港で受け取った商品を自宅に持ち帰る桑原さん=五島市伊福貴町

 長崎県五島市の中心、福江島の北東に浮かぶ椛島。1日3便の定期船が到着すると、福江の業者に注文していた商品を引き取る島民が、一人二人と集まってくる。島の南側、伊福貴港近くに住む桑原政枝さん(96)も週1回、食料品などを受け取り、約100メートル離れた自宅まで台車に乗せて持ち帰る。「福江に行かなくても運んでくれるので便利」と桑原さん。ただ、「近くの店が閉まって残念だった」と肩を落とす。
 昨年末、島内唯一の商店「西村商店」が営業をやめた。店主だった西村茂子さん(76)は、1999年に親族から経営を引き継いだ。野菜や精肉、パン、調味料などの食料品のほか、飲料水、日用品を販売。その一方で、福江島のスーパーなど小売2業者が、それぞれ住民から注文を受けて定期船に預けるサービスを開始した。それでも西村商店は、急を要したり、不足したりしたものが購入できる、島民のよりどころとして親しまれてきた。

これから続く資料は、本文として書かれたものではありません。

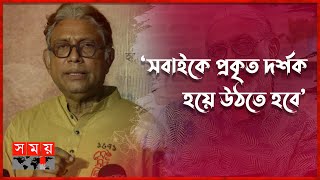 চলচ্চিত্রের নেপথ্যে যারা কাজ করেন তাদের অনুসরণ করা উচিৎ: আফজাল হোসেন | Afzal Hossain | BD Actor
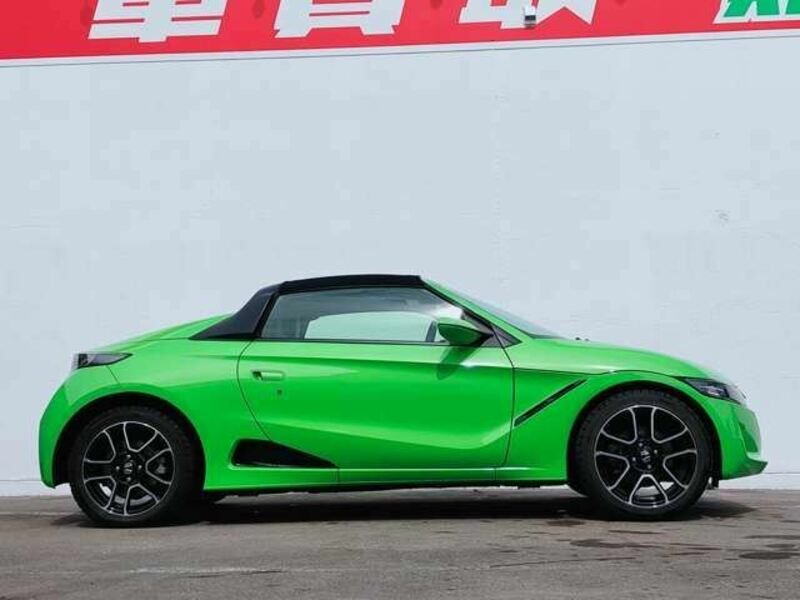 S660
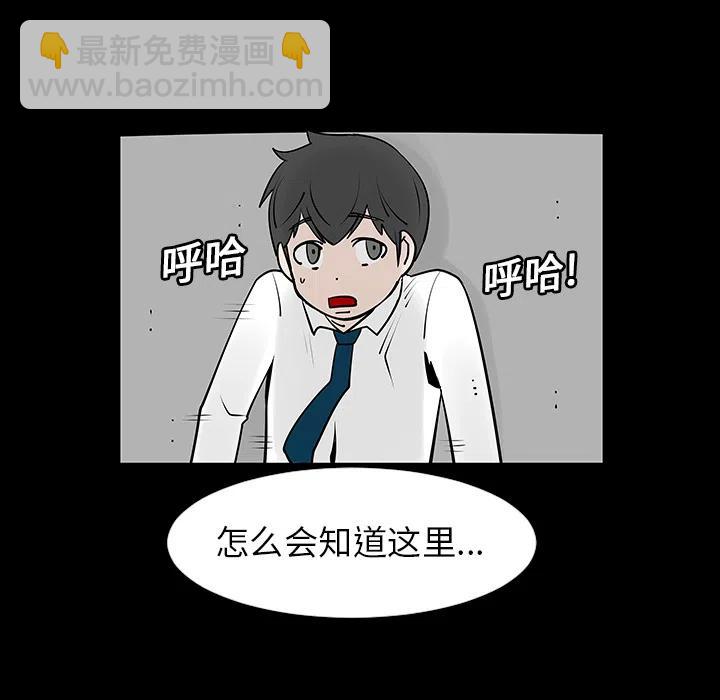 《每天忍耐的男人》39 第42页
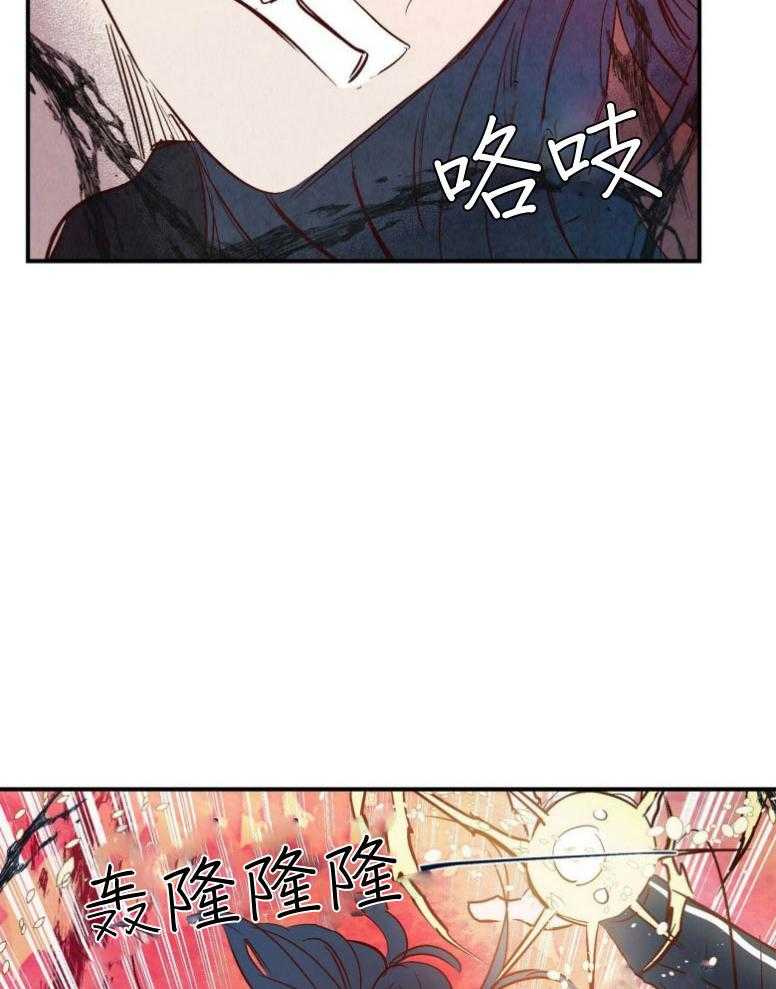 《龙的逆鳞》第78话 它的威胁 第16页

 だが、人口減少とともに売り上げは低迷。西村さんは続けたい気持ちがあったが、閉店を決めた。「これも時代でしょうか」とつぶやく。仕入れ品の港からの搬入を手伝ってくれるなどした住民のサポートに感謝している。
 人口減少に悩む離島で、とりわけ、本土とは直接の航路がない二次離島は人口減が著しい。イワシ漁が活況だった70年前に3千人以上が暮らしていた椛島の人口は現在、69世帯96人。この5年余りでも30世帯約50人減り、65歳以上の高齢化率は6割を超える。基幹産業の漁業は、燃油の高騰や魚価の低迷が長期化。島を離れる人が増えたという。
 椛島沖では、浮体式洋上風力発電の国の実証実験が約10年前に実施され、地元では活性化の期待も膨らんだが、市内の別の海域に移転。県は同市と漁業研修生の受け入れなど、振興策に取り組んでいるが、定住者が増えるなど歯止めがかかるまでには至っていない。
 奈留島や久賀島、嵯峨島など市内の他の二次離島もこの約5年で、それぞれ島民の1割以上が減少するなど、福江島と比べても厳しい現実が横たわる。高齢化、新型コロナウイルスの影響が重なり、商業者の撤退など課題が浮き彫りになっている。
 釣り客に人気で、弘法大師が登ったと言い伝えがある断崖などスポットもある椛島。島で生まれ育ち、今も暮らす男性(63)は「若い人が移り住んで暮らすのは難しい。政治に求めても難しいのか。それでも隅々に目を配ってほしい」と語る。